The wings provide lift, so they will not be reattached to the fuselage. Mathews said the aircraft would tear itself to pieces from the torque of the wings underwater. The wings and other removed parts eventually will be placed on the gulf bottom near the bomber.

He expects the aircraft to be as successful at attracting and holding fish as adjacent Veterans Reef, which is home now to gray snapper, small grouper and a jewfish.

"There was fish on Veterans Reef within weeks," Mathews said. "It's already covered with algae, and the whole reef population builds up from that. As time goes on, there'll be barnacles channeling plankton, then some coral and then sponges."

Veterans Reef cost $270,000, which came from the county's Boating Improvement Fund, and is the first in the county designed with five types of structure for a study of what attracts fish, he said.
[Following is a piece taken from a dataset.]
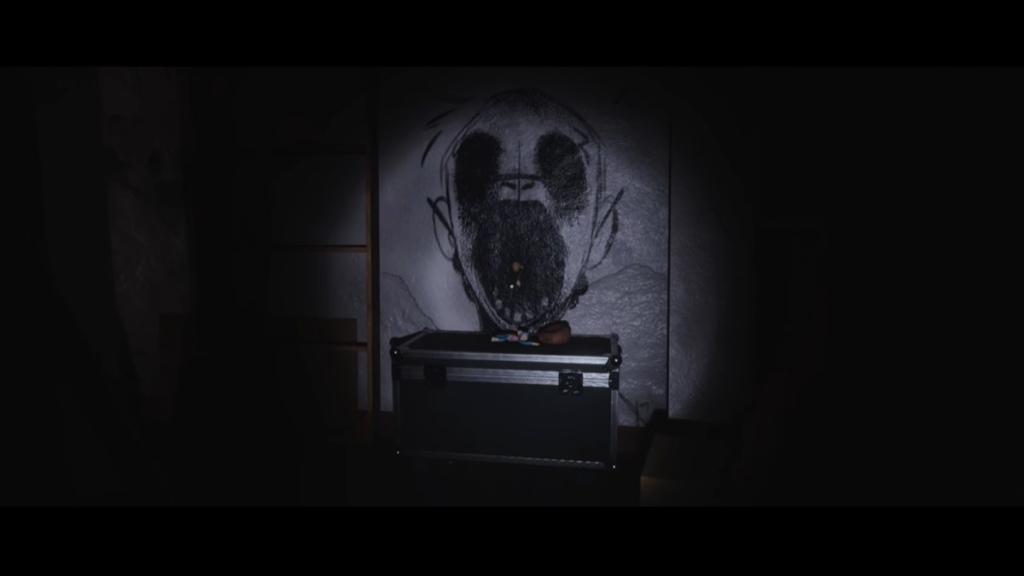 Isaac's deflated ball near wall drawing of a monkey with its mouth wide open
The reef is composed of chunks of limestone; three steel barges with large holes; two trolling alleys built of 100 hollow pyramids 6 feet tall; large concrete pipes; and a pile of tetrahedrons. Different buoys will be placed on the structures to let anglers know what's on the bottom.

"We're going to be counting fish to determine the attraction of each type of structure," Mathews said. "We'll find out which gives us the highest angler attraction for future reefs and gives us information to work out a management plan."